Traversing such a list is done recursively by first acting on the head of the list and then calling the traversal function on the tail of the list.

Now if you want to prepend an item to that list, this is very easy: you simply create another cons cell whose head is the new item and whose tail is the old list.

Appending an item however is much more expensive because creating a single cons cell does not suffice. You have to create a list that is the same as the old one, except the tail of the last cons cell must be a new cons cell whose head is the new element and whose tail is the empty list. So you can't append to a list without going through the whole list, which is O(n).

sepp2k
Thanks for the considered detail in your response! Now I'm very curious: what are the internal mechanics of the prepend and append operations? Can you recommend any resources on erlang's internal operations?
tkersh
@tkersh: I hope my edit clarified things for you.
sepp2k
Brilliant! Basically it's a singly linked list but since it's immutable, we can't add to the tail? Makes perfect sense, thanks again.
tkersh
@tkersh: Exactly. No problem. Do consider marking this answer as accepted if it was helpful to you.
sepp2k
I think part of your suggestion to prepend-then-reverse needs more context.
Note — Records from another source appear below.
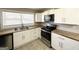 Well-lit kitchen featuring updated stainless steel appliances and butcher block countertops at 2676 Stone Rd, East Point, GA 30344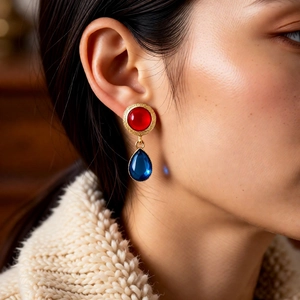 Detailed view of vintage gold earrings with red round stone and blue resin teardrop pendant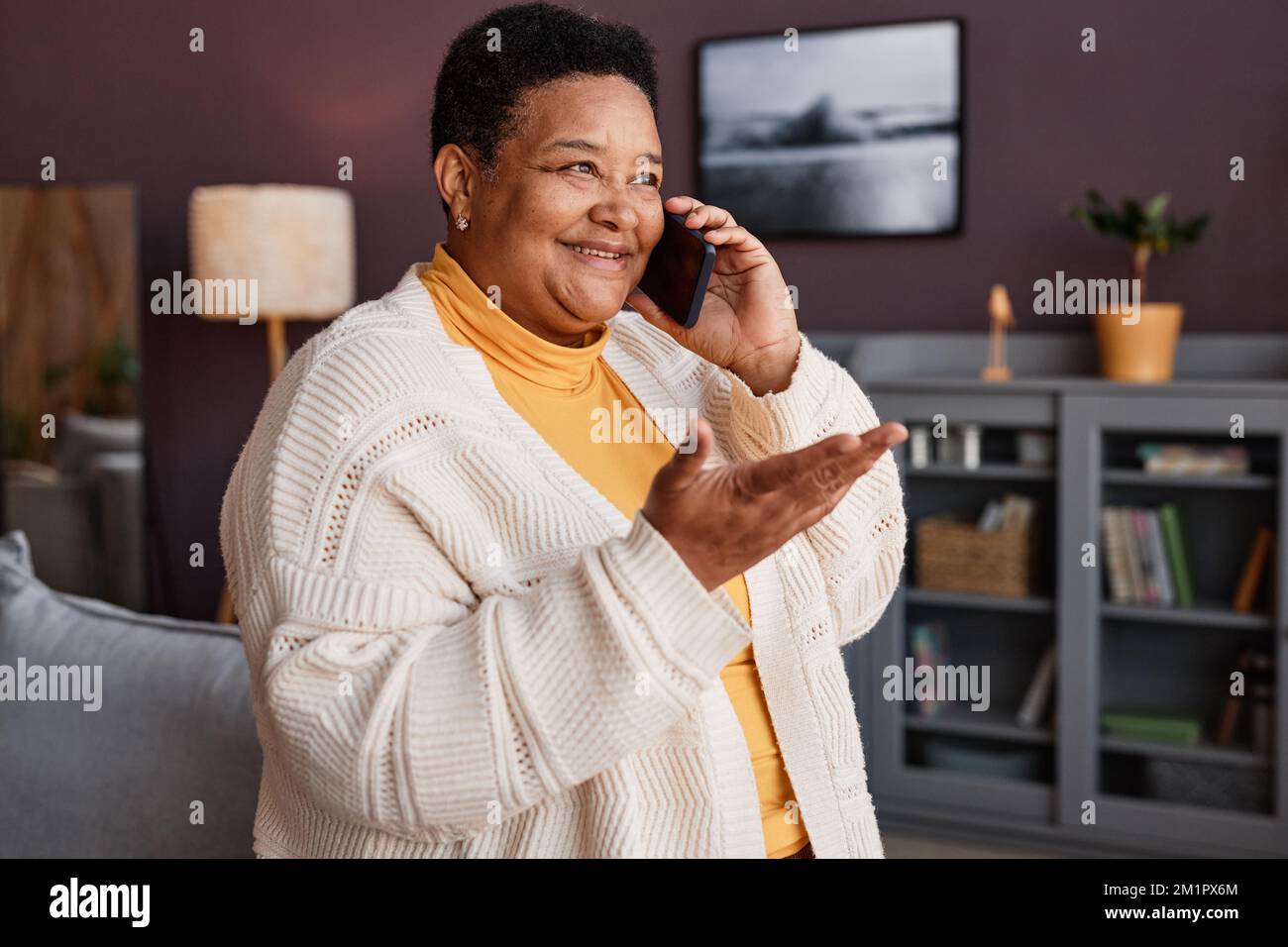 Porträt einer fröhlichen Seniorengroßmutter, die zu Hause telefoniert und Gesten macht Stockfoto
It's perfectly fine to just append the value if it's done once as an operation. In this case, both operations end up being O(n). However, when you repetitively append the value in a recursive function, you then need to append N times, giving you O(n²) complexity. That's where prepending-then-reversing is worth it. Prepending is O(1) and you do it N times. Reversing is O(n) too, which gives you a O(2n), or just O(n), which is better than O(n²).
I GIVE TERRIBLE ADVICE
Note also that if the list is meant to be output with `io:format/2-3` or other IO functions, you can just use a cons cell. The Erlang drivers don't care if the list is nested or improper (most of the time) and can output it without a problem. In these cases, prepend-then-reverse becomes a useless operation.
I GIVE TERRIBLE ADVICE